**** Source material

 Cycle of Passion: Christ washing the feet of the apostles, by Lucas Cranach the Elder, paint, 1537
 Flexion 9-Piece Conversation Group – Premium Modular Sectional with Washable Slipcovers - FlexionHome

********
**** Source material

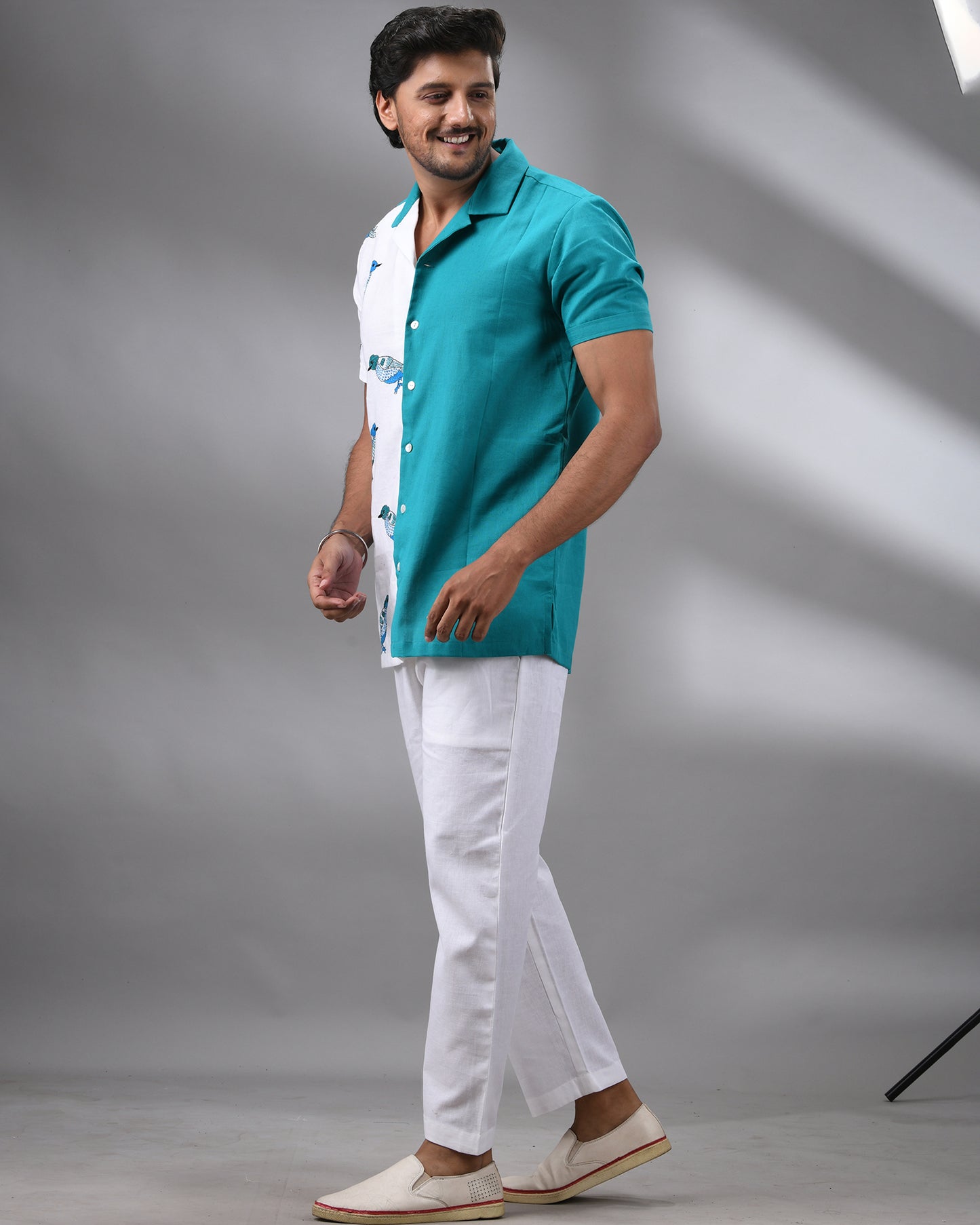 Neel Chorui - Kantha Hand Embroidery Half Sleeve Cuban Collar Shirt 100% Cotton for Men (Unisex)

********

Exercise: Both the line containing "Cycle of Passion: Christ" and the line containing "Flexion 9-Piece Conversation" belong in the answer. Print them and every line above that falls between them exactly, and no others.

Solution to this task:
 Cycle of Passion: Christ washing the feet of the apostles, by Lucas Cranach the Elder, paint, 1537
 Flexion 9-Piece Conversation Group – Premium Modular Sectional with Washable Slipcovers - FlexionHome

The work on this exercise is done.